Police Capt. Michael Moore,  the Rampart Area commanding officer, told the MetNews the temporary injunction is a step in the right direction and hopes that other businesses will learn a lesson from the expensive sanctions lodged against the Alvarado motel.

“We don’t want any business in the city to go out of business, but we also don’t want any business to operate outside the bounds of the law,” Moore said. “This is very expensive for them.”

Moore said his officers are currently monitoring other businesses in the area for similar infractions.

Located a mile from the Staples Center and within blocks of two elementary schools and a preschool, the motel has been the site of more than 109 arrests for prostitution and narcotics offenses in the last three years, Moore said.

Councilman Ed Reyes, who represents the area, also spoke at the press conference. He said the motel has been the subject of complaints to the city, including parents complaining about their children being accosted by illicit activities on their way to school and innocent women being propositioned on the street.
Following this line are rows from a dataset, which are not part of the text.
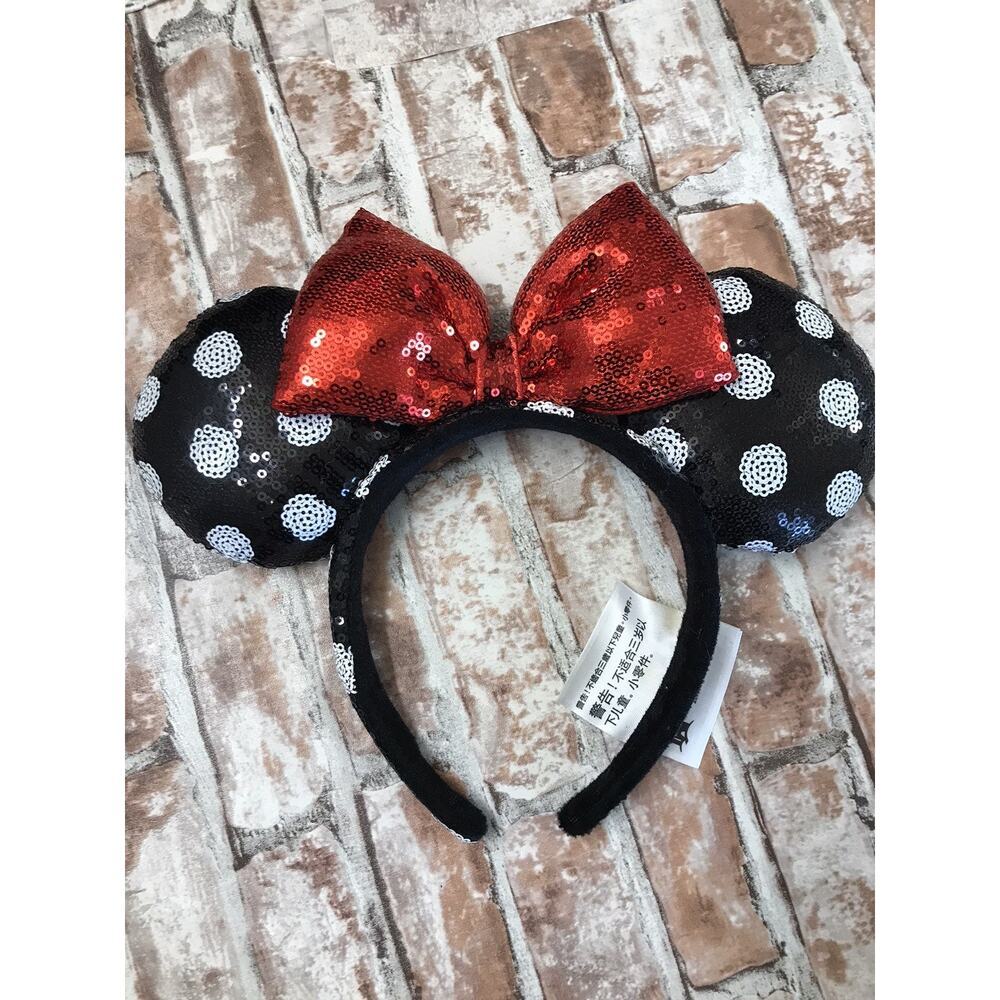 Disney Parks - Classic Minnie Mouse Sequined Headband Black Ears Red Bow.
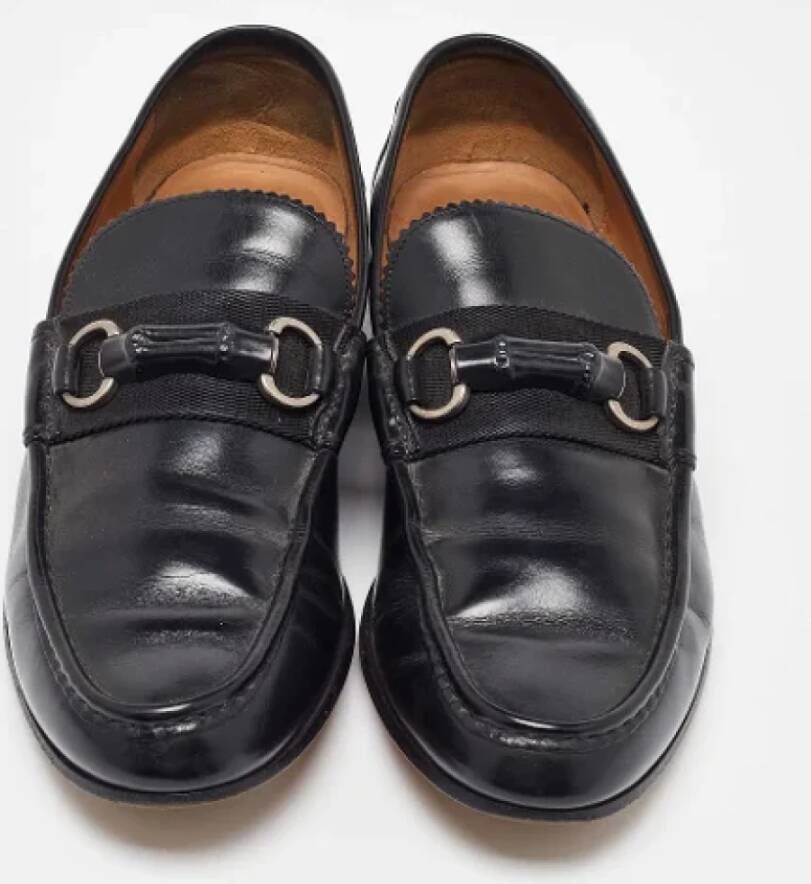 Gucci Vintage Pre-owned Leather flats Black Heren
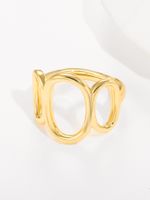 Fashion Copper Plated 18k Gold Ring Irregular Adjustable Ring main image 3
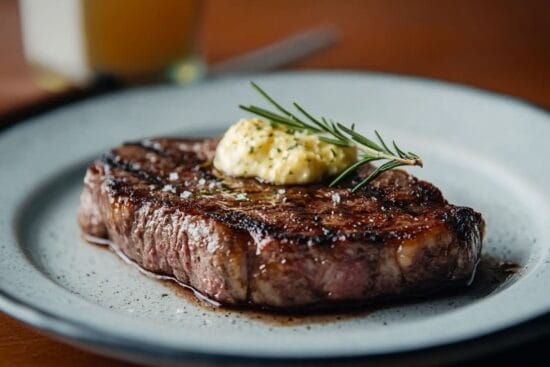 Grillad entrecote med rosmarin och vitlokssmor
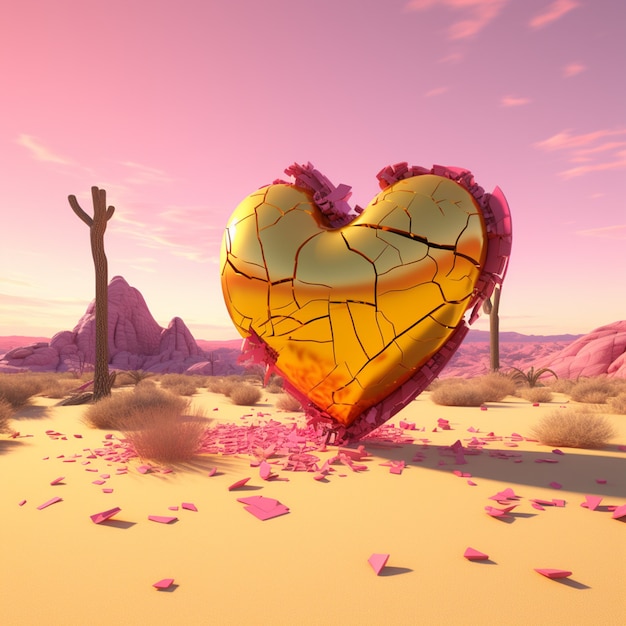 View of broken heart with desert background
“It’s humiliating and it’s embarrassing and no one should have to live like this,” Reyes said.

Two of the motel’s managers swore in declarations that the owners knew that illegal activities were taking place and even encouraged it by offering rooms for $15 an hour or $17 for two hours during the week.

“We know all the prostitutes, they rent the room, we have no choice,” Alvarado Inn manager Ryan Thai said in a declaration 

Thai also said motel owner Qilu Su told managers not to evict guests for prostitution.
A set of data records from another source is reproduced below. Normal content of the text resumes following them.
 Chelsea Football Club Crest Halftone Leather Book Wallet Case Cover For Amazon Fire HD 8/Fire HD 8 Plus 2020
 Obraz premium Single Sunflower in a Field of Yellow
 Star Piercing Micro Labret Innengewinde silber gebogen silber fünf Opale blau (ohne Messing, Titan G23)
Manager Kenneth Chen, who has worked at the motel for over 13 years, estimated in a declaration that 55 percent of the rooms are rented by prostitutes and 35 percent of the guests use drugs.

The injunction prohibits the motel from giving away condoms and selling, renting or giving away pornographic videos, tapes, DVDs or compact discs, which had been sold at the motel’s front desk.

The motel must also hire nighttime security guards, post signs prohibiting unlawful entry to the property, and install high-intensity lighting and a video surveillance system.

Deputy City Attorney Asha Greenberg, a supervising attorney for the Citywide Nuisance Abatement Program, said all the provisions are already in place with the exception of a nighttime security guard, which the motel is in the process of hiring.

The motel does have a roving security patrol which stops at the property intermittently throughout the day, Greenberg said.  

The injunction was a result of actions by the CNAP, a multi-agency task force made up of the City Attorney’s office, the LAPD, and the city’s Department of Building and Safety, Planning Department, and the Housing Department, officials said.

The task force is responsible for cleaning up abandoned structures and public nuisance properties in the city.